* [WHAT YOU ARE ASKED TO DO]: Only the pictures are to be omitted; everything else in the listing must be reproduced exactly.

+ + +

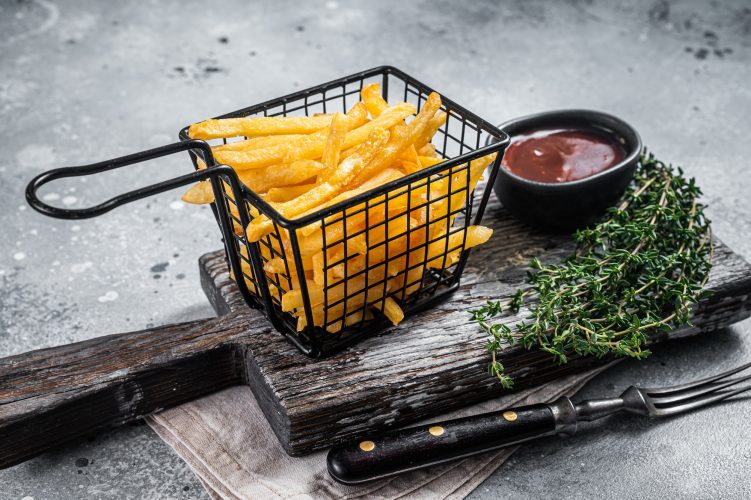 Fried French fries potatoes with salt in basket..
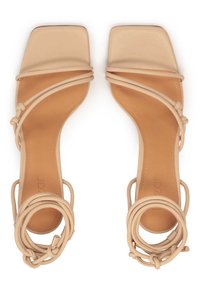 Beiga fyrkantiga sandaletter med en slät läderovandel, tunna remmar som lindar sig runt vristen och en platt sula. Minimalistisk design.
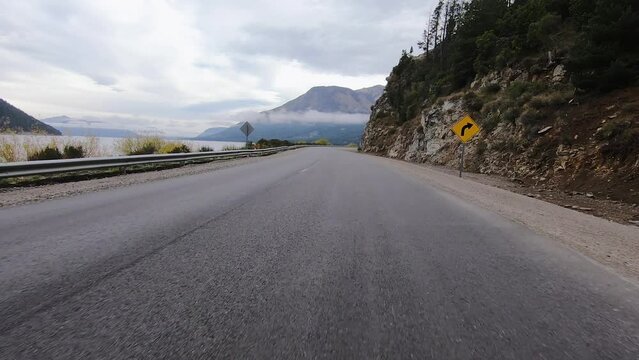 Driving in Patagonia. Traveling along the asphalt road across the forest and besides lake Nahuel Huapi. The Andes mountains in the horizon.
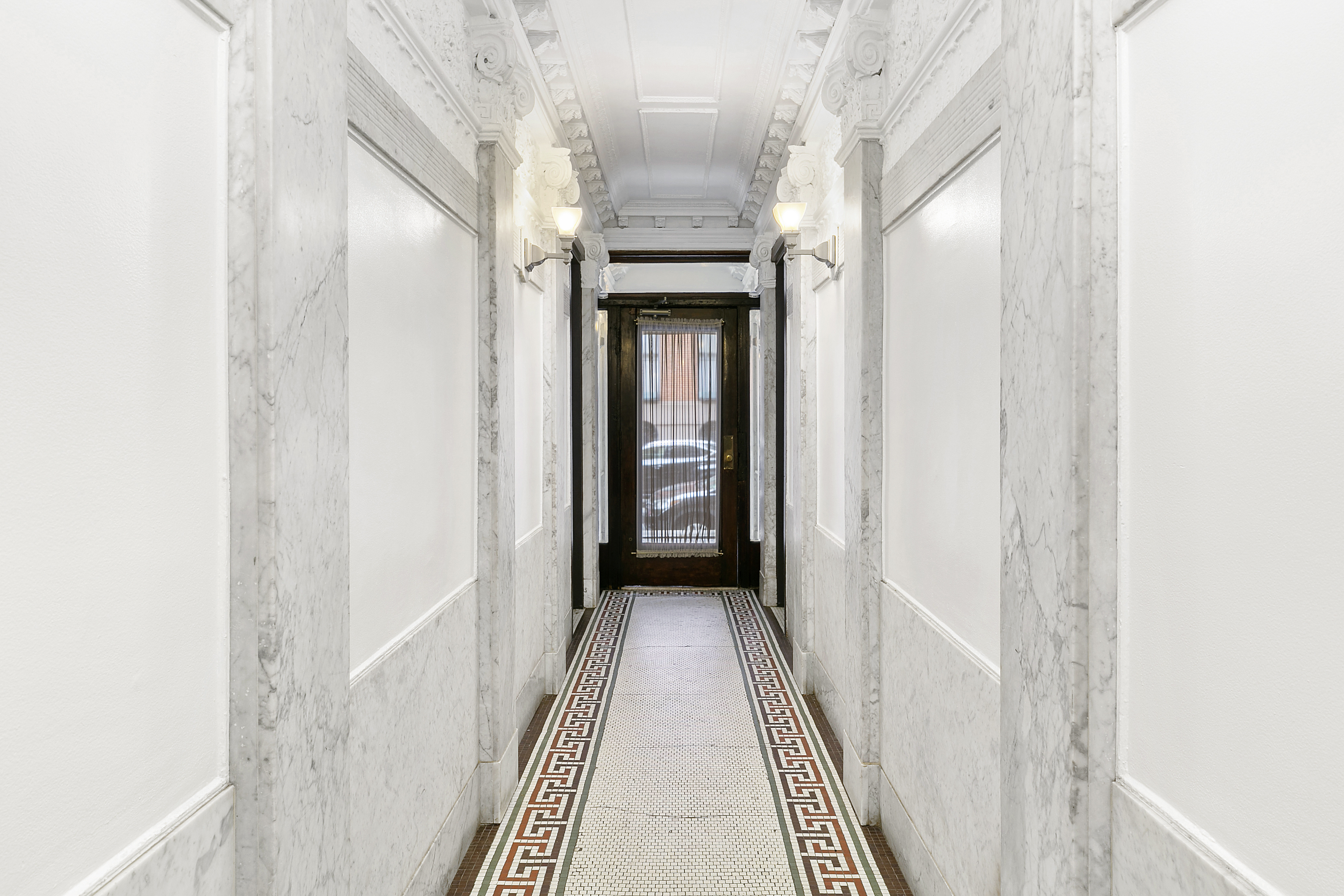 210 East 17th Street, Unit 5C Manhattan, NY 10003 - Photo 9 of 18 a view of a hallway with wooden floor and a hallway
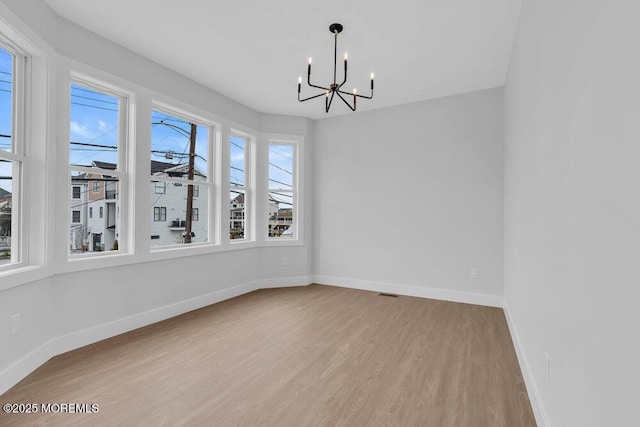 unfurnished dining area featuring a chandelier, baseboards, and wood finished floors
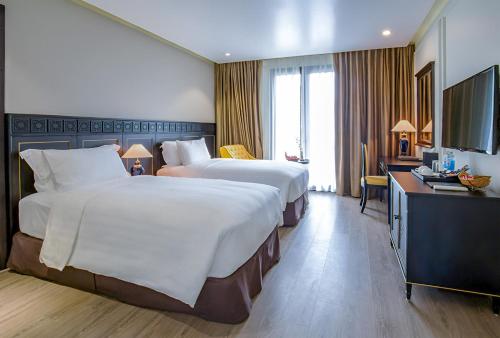 Postel nebo postele na pokoji v ubytování Hotel Sapa Square Affiliated by Melia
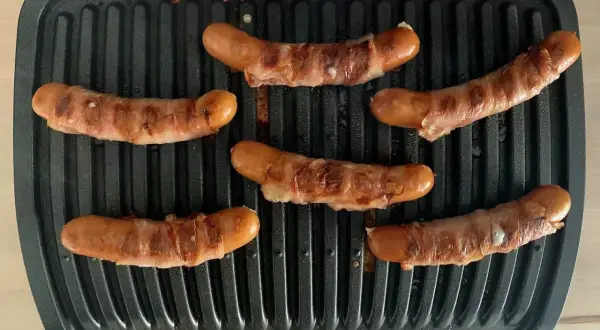 Sechs **Berner Würste** brutzeln auf einem Kontaktgrill. Die Würste sind mit Speck umwickelt und werden goldbraun.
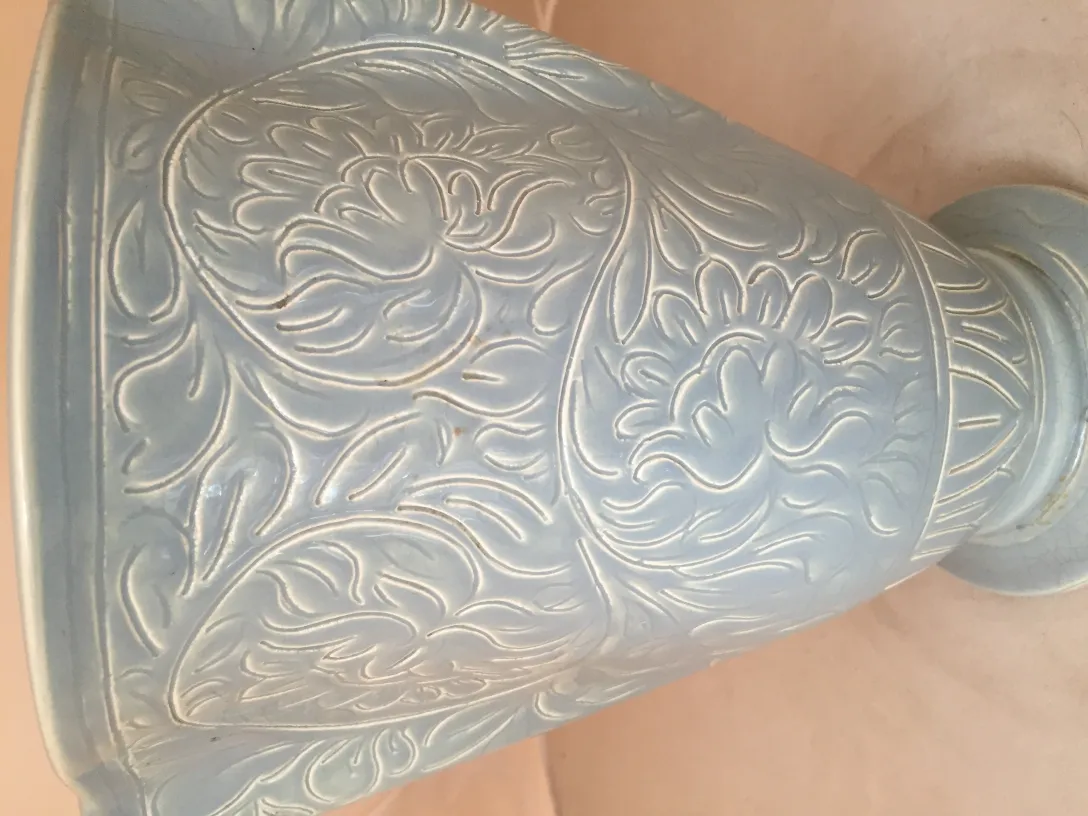 Cerámica antigua con detallado diseño floral en relieve, elegante y decorativa.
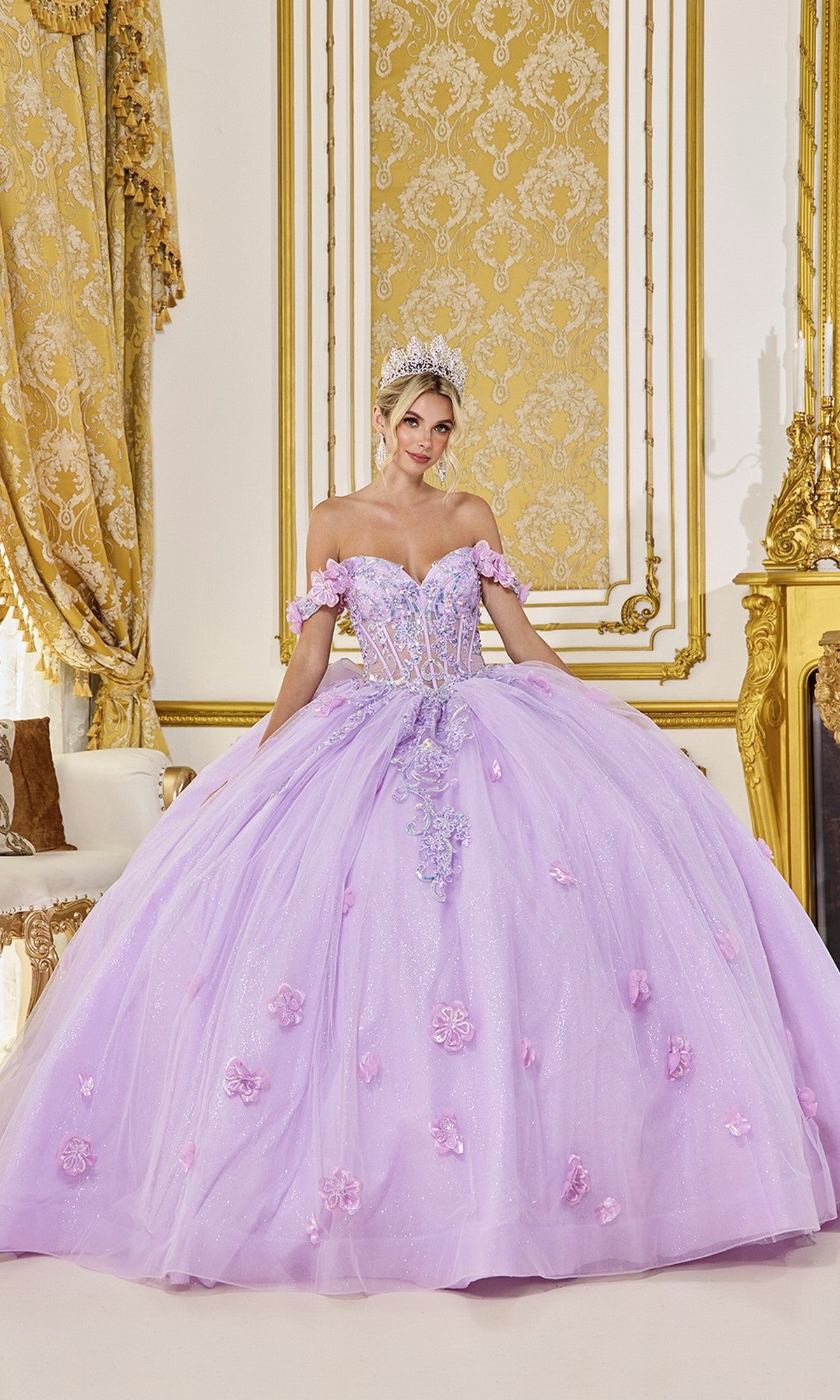A woman in the Quinceanera Dress 5098 by Dancing Queen, a lilac gown with a sheer corset bodice and 3D flower embellishments, stands in an ornate gold-accented room, her look finished with a sparkling tiara.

+ + +

* [ANSWER SECTION]:
 Fried French fries potatoes with salt in basket..
 Beiga fyrkantiga sandaletter med en slät läderovandel, tunna remmar som lindar sig runt vristen och en platt sula. Minimalistisk design.
 Driving in Patagonia. Traveling along the asphalt road across the forest and besides lake Nahuel Huapi. The Andes mountains in the horizon.
 210 East 17th Street, Unit 5C Manhattan, NY 10003 - Photo 9 of 18 a view of a hallway with wooden floor and a hallway
 unfurnished dining area featuring a chandelier, baseboards, and wood finished floors
 Postel nebo postele na pokoji v ubytování Hotel Sapa Square Affiliated by Melia
 Sechs **Berner Würste** brutzeln auf einem Kontaktgrill. Die Würste sind mit Speck umwickelt und werden goldbraun.
 Cerámica antigua con detallado diseño floral en relieve, elegante y decorativa.
A woman in the Quinceanera Dress 5098 by Dancing Queen, a lilac gown with a sheer corset bodice and 3D flower embellishments, stands in an ornate gold-accented room, her look finished with a sparkling tiara.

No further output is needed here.